2008 Volume 134 Pages 141-154
Based on the observation on a special type of ECM construction in a certain variety of Kansai Japanese, Ura (2007) argues that the dialect allows a true instance of long-distance case assignment whereby an object NP in an embedded clause is assigned an accusative case by the main verb, as in Boku wa John-ni sono koto-o dekiru (te) omou ‘I think (that) John [DATIVE] can do that [ACCUSATIVE]’. According to his analysis, such an unorthodox operation is made possible by the deletable complementizer in this dialect, which renders the phase of the embedded finite clause ‘weak’, thereby exempting it from the Phase Impenetrability Condition (PIC). From this, Ura suggests the generalization that no language allows long-distance ECM (LD-ECM) unless its complementizer is deletable.

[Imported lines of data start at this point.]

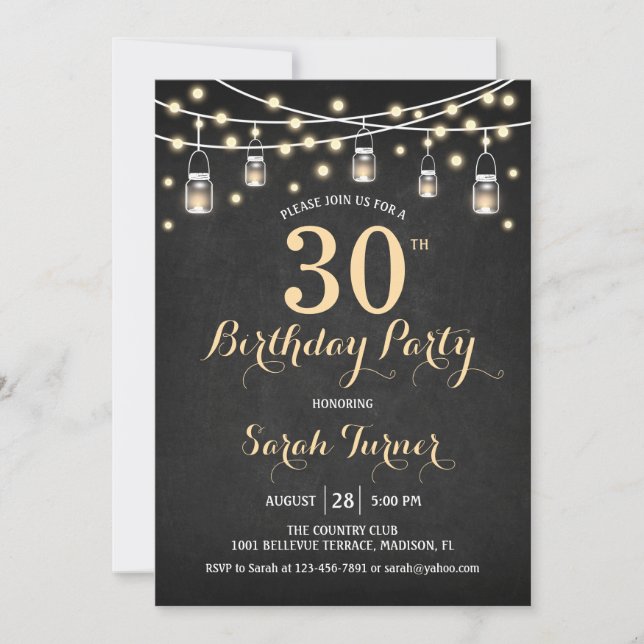 Invitación 30.º Fiesta de cumpleaños - Chalkboard Gold (Anverso)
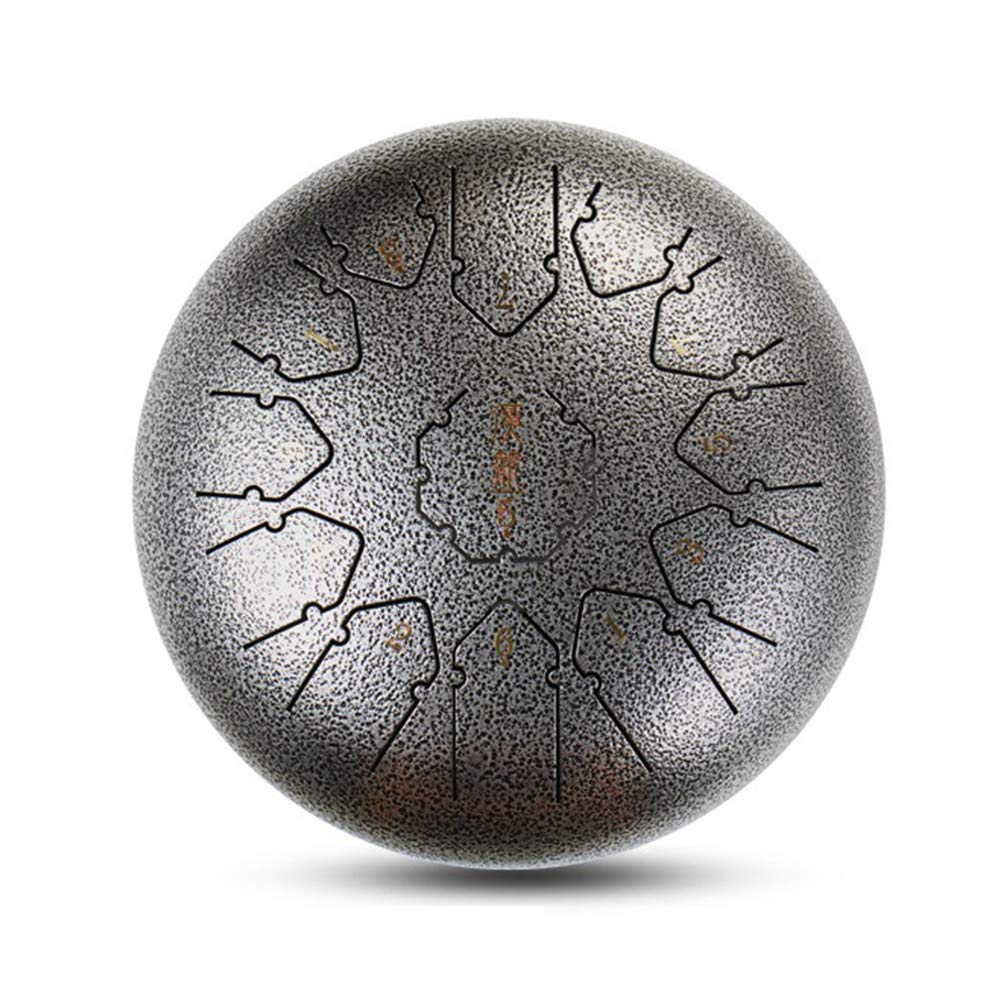QLIGHA 12 Inch 13 Tone Steel Tongue Drum - Hand Pan Drum & Tank Drum Percussion Instrument with Carry Bag & Drumsticks | Perfect for Meditation, Yoga, Music Therapy & Sound Healing Sessions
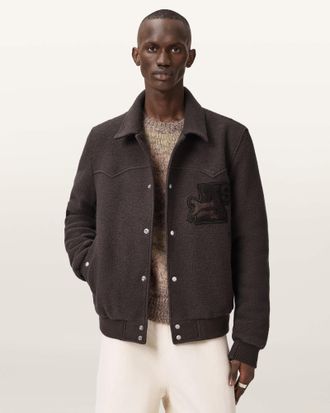 AllSaints Wool Royce Wadded Patch Jacket, Size: XXL
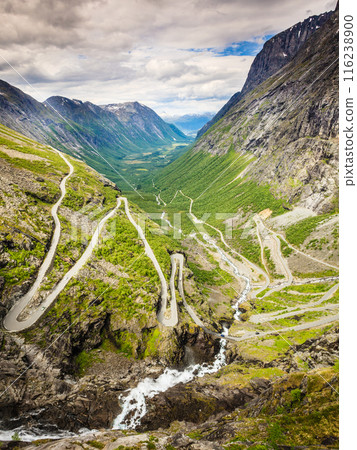 Trolls Path Trollstigen mountain road in Norway 116238900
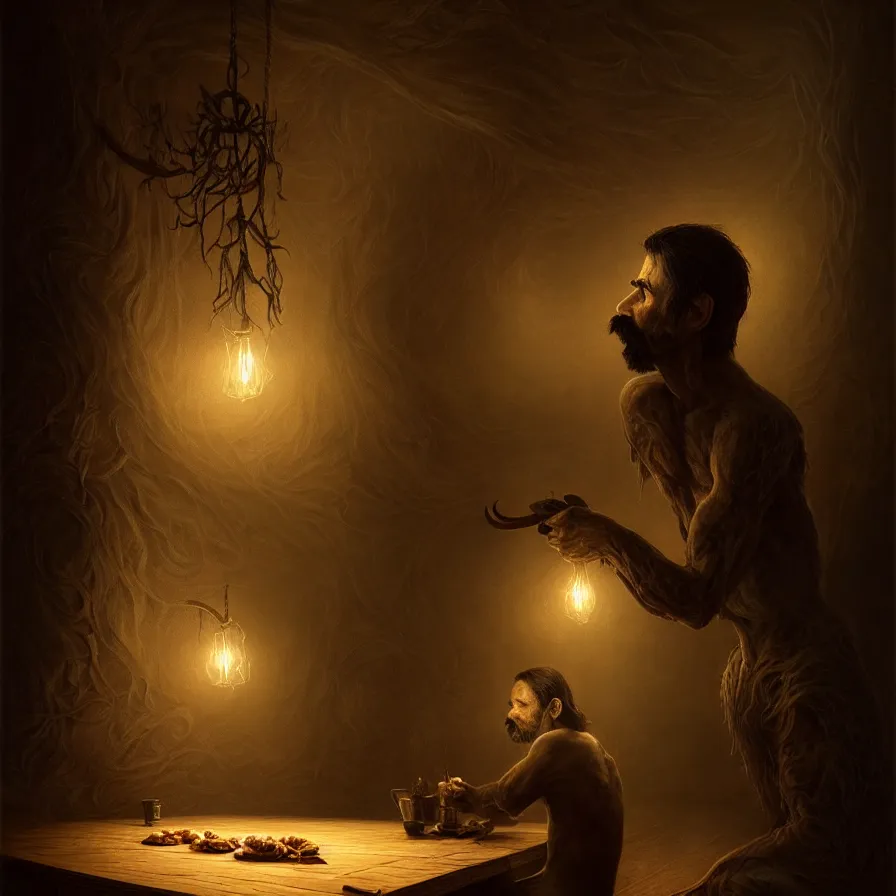 Image similar to epic professional digital art of hungry 👨, atmospheric lighting, painted, intricate, detailed, foreboding, leesha hannigan, wayne haag, reyna rochin, ignacio fernandez rios, mark ryden, iris van herpen, best on artstation, cgsociety, wlop, pixiv, stunning, gorgeous, much wow, cinematic, masterpiece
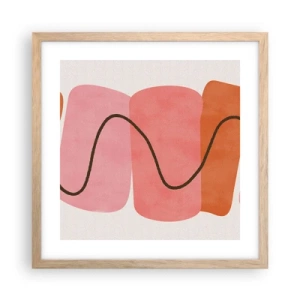 Plagát v ráme zo svetlého duba - Jemný pohyb foriem - 40x40 cm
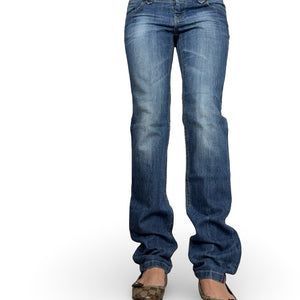 Blue denim low waist baggy straight legs pants (M)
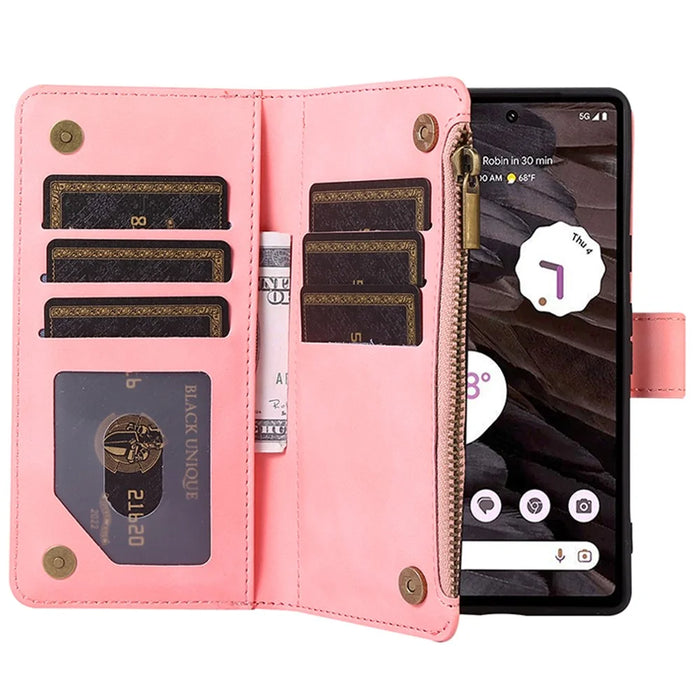 For Google Pixel 7a Rhombus Imprint Zipper Pocket Wallet Stand Phone Case Leather Card Holder Shell - Rose Gold - 4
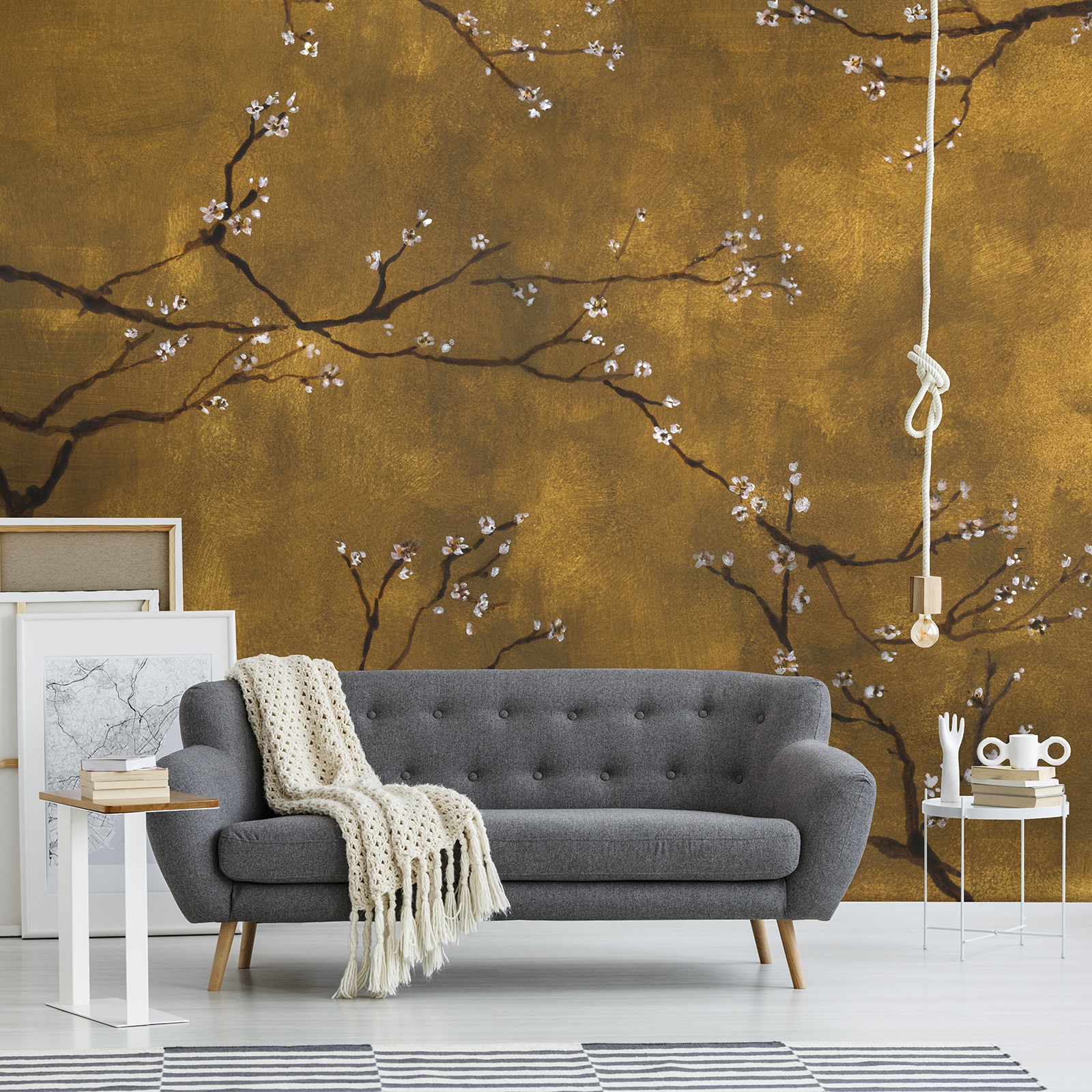Papier peint panoramique fleuri Cerisier ambré, ART FOR THE HOME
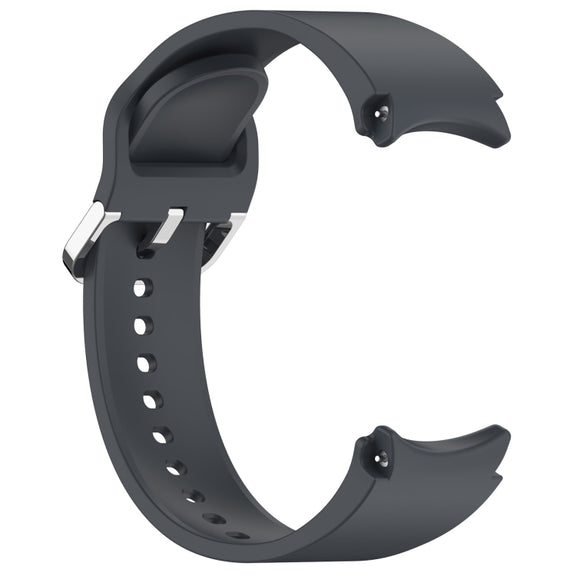 For Samsung Galaxy Watch7 40 / 44mm Solid Color Silver Buckle Quick Release Silicone Watch Band(Gray)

This paper investigates the acceptability of the corresponding construction with sixty speakers of non-Kansai Japanese and adduces two types of counterexample to Ura’s generalization: (i) LD-ECM is disallowed even though the complementizer is deletable, and (ii) LD-ECM is allowed even though the complementizer is not deletable. These counterexamples indicate that there is no strong correlation between the deletability of a complementizer and the acceptability of LD-ECM. We thus reject Ura’s analysis utilizing the ‘strength’ of a phase and present an alternative analysis in which the accusative NP in an embedded clause, typically focused with heavy stress, undergoes covert movement to the Spec of CP and gets its accusative case licensed there. The proposed analysis can capture the marked nature of the LD-ECM construction without altering the definitions of such general notions as locality and minimality.